Despite this legacy of public service, American artists once again stand at the center of a political battle, facing off with lawmakers who aim to eliminate all or most of the budgets of the National Endowments for the Arts and for the Humanities, the Corporation for Public Broadcasting, and virtually every state arts commission. Art is a frill, politicians insist. This is a ‘no frills’ season in America.

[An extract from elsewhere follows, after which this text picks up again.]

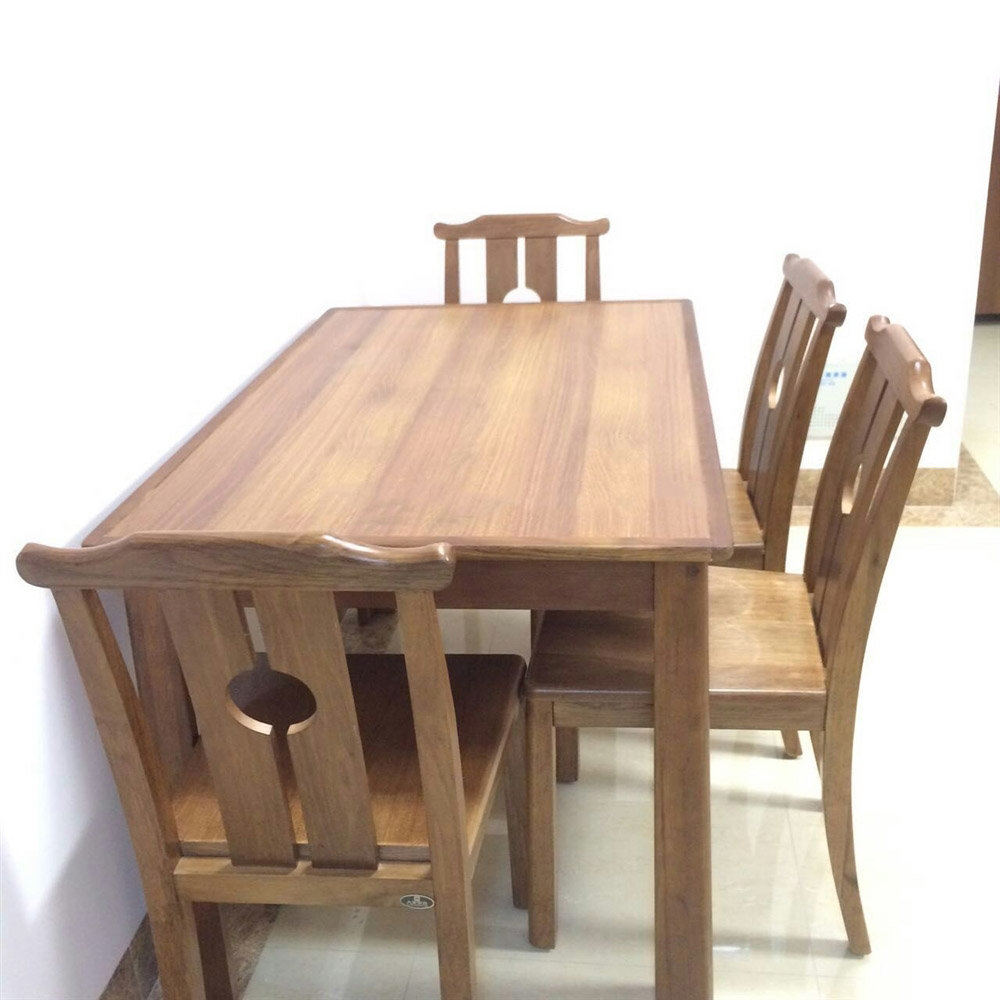 A户型 2房2厅1厨1卫 80㎡样板间：餐桌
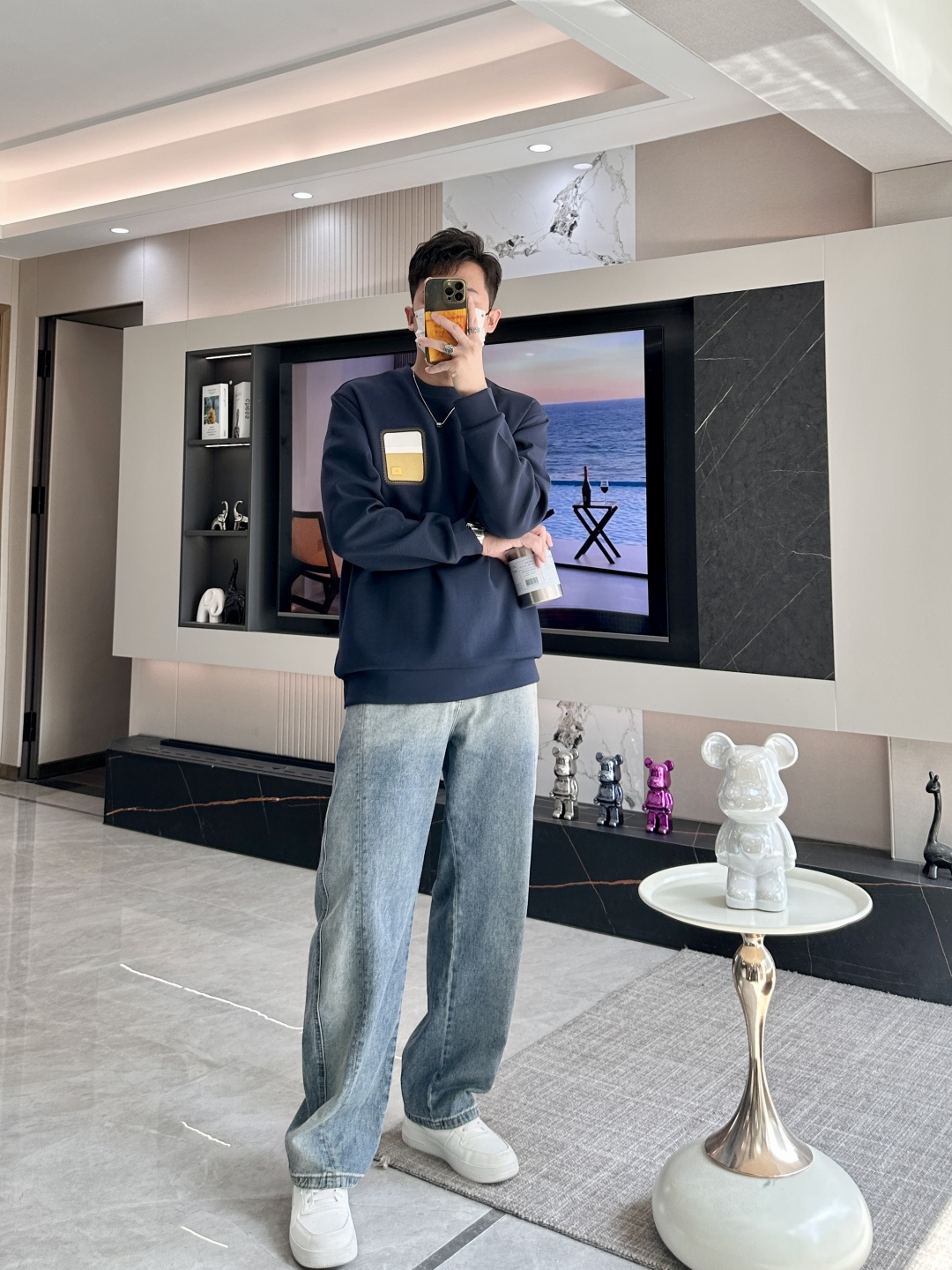 Her&爱家··2025秋冬新款圆领套头卫衣采用进口高支数羊毛混纺面料，立挺有型，抗皱不沾灰。定制衣领和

For actor-turned-speech therapist Lionel Logue, art was no frill. His artistic background helped him heal the wounds of soldiers returning from war, children silenced by their peers, women repressed by their social position, and finally, a monarch crippled by his past. He never boasted of his remarkable achievements, indeed few people knew of his service to the royal court and his impact on modern British history. Likewise, the average American may not recognize how deeply artists permeate our daily lives. But quietly, persistently, we are there. In schools, libraries, hospitals, nursing homes, places of worship, on Sesame Street and even in the White House – we are hard at work. Encouraging your imagination, improving your lives, and strengthening our communities.

Bridgit Antoinette Evans is a professional actor and the Founder & President of She is co-executive producer of the charity music single “This Is to Mother You” featuring Sinead O’Connor, Mary J Blige and Martha B; executive producer of the South African staging of Suzan-Lori Parks’ “Venus”; and creator of the Live for Darfur Artists Campaign chaired by Don Cheadle.